Protein misfolding - Alzheimer’s disease Amyloid hypothesis (9)

• In Alzheimer’s disease proteolytic cleavage of Amyloid Precursor Protein (APP) is observed.
• APP is a large transmembrane protein.
• APP has multiple functions but is involved in G-protein signalling.
• Proteolysis leads to cleavage of APP results in a @40 residue peptide -Amyloid (A).
• Misfolding of this protein results in a planar arrangement and polymerisation.
• This can form fibrils of mis-folded protein (amyloid fibrils).
• β-Amyloid (Aβ) fibres are formed from stacked beta sheets in which the side chains interdigitate.
• The aggregation of b-amyloid in the brains interfere with the workings of the synapse, particularly in the hippocampus.
• Higher order insoluble aggregates form, which contain much crossed -structure which become deposited in plaques, damaging the neuronal cells of brain.

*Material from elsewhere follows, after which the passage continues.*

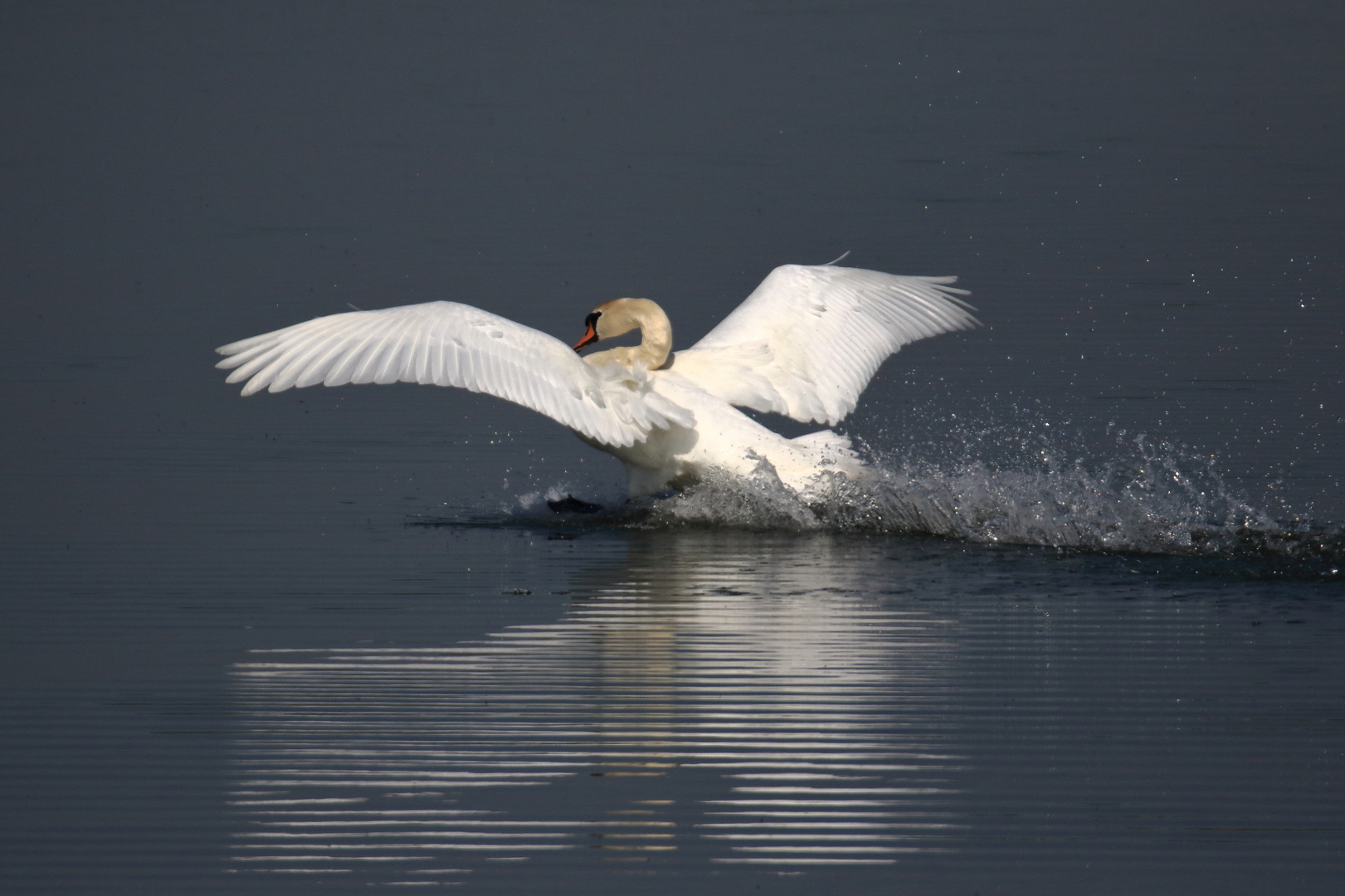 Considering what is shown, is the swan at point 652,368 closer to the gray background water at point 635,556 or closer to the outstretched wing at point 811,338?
the outstretched wing at point 811,338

Protein misfolding - Cystic fibrosis (5)

Most common mutation is deletion of Phenylalanine at residue 508 of the cystic fibrosis transmembrane conductance regulator (CFTR).
• DF508del leads to mis-folding of the protein whilst it is still in the ER.
• Recognised by the cellular machinery that identifies and processes misfolded protein.
• Results in ubiquitination, trafficking to the proteasome and degradation.
• 70% of Caucasian CF patients harbour this mutation.

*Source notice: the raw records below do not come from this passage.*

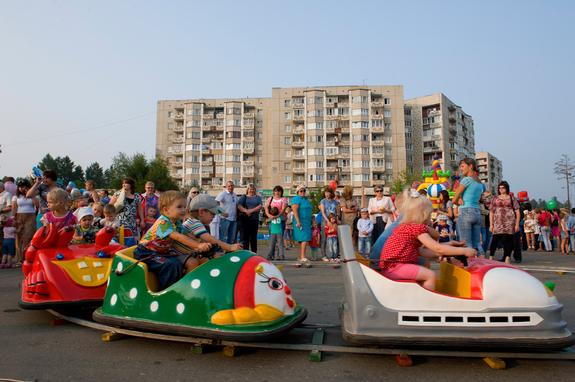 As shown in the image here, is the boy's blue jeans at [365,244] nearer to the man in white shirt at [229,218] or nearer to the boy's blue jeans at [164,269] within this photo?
the man in white shirt at [229,218]

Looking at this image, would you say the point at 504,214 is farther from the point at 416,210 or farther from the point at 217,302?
the point at 217,302

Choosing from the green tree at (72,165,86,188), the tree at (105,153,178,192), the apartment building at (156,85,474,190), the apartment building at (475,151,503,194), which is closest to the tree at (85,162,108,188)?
the green tree at (72,165,86,188)

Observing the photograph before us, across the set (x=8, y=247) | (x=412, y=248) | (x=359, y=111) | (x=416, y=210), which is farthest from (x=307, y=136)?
(x=412, y=248)

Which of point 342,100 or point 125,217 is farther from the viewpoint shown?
point 342,100

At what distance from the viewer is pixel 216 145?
87938 mm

Induced protein misfolding (7)

• Prions.
• Mis-folded proteins (PrPSC) that interact with other normal proteins (PrPC)
• Through this interaction they induce mis-folding of the normal protein and polymerisation.
• Oligomers form fibrils of mis-folded protein.
• This process is reliant upon the concept of energy minimisation ∆G.
• It is a dynamic process brought about by the interaction of molecules resulting in a more stable aggregated structure.
• PrPc protein and the green alpha helices mis fold to form a beta sheet this in turn induces other PrPc proteins to mis-fold and aggregate.